The trailer for "Catch Me If You Can" is so obvious it could have written itself. It informs us that Frank Abagnale Jr. practiced medicine without attending medical school, practiced law without a law degree and passed as a pilot without attending flight school--all for the excellent reason that he did all of these things before he was 19, and had not even graduated from high school.

That this is a true story probably goes without saying, since it is too preposterous to have been invented by a screenwriter. Abagnale also passed millions of dollars in bogus checks, dazzled women with his wealth and accomplishments, and was, a lot of the time, basically a sad and lonely teenager. At the time the only honest relationships in his life were with his father and with the FBI agent who was chasing him.

In Steven Spielberg's new film, Abagnale is played by Leonardo DiCaprio as a young man who succeeds at his incredible impersonations by the simple device of never seeming to try very hard. While an airline employee might be suspicious of a very young-looking man who insists he is a pilot, what could be more disarming than a man offered a trip in the jump seat who confesses, "It's been awhile.

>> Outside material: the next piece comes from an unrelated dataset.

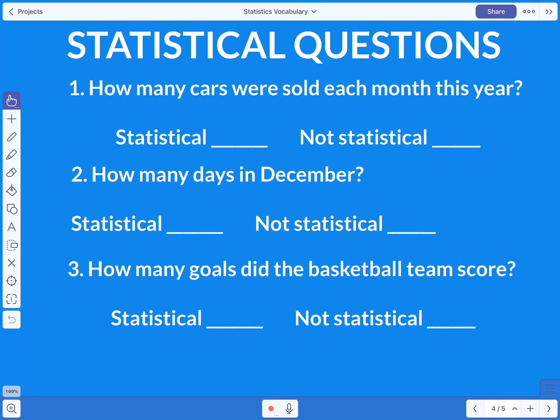The second part of this statistics unit is to be able to identify what a statistical question is and what it's not. We're going to go through several questions and talk about which ones may or may not be statistical questions.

Which one is the jump seat?" DiCaprio, who in recent films such as "The Beach" and "Gangs of New York" has played dark and troubled characters, is breezy and charming here, playing a boy who discovers what he is good at, and does it. There is a kind of genius flowing in the scene where he turns up for classes at a new school, walks into the classroom to discover that a substitute teacher is expected and, without missing a beat, writes his name on the blackboard, and tells the students to shut up and sit down and tell him what chapter they're on.

It is probably true that most people will take you at face value until they have reason to do otherwise. I had a friend who had risen to a high level in her organization and was terrified her secret would be discovered: She never attended college. My guess, and it proved accurate, was that nobody would ever think to ask her. It is probably an even better guess that no patient in a hospital would ask to see a doctor's medical school diploma.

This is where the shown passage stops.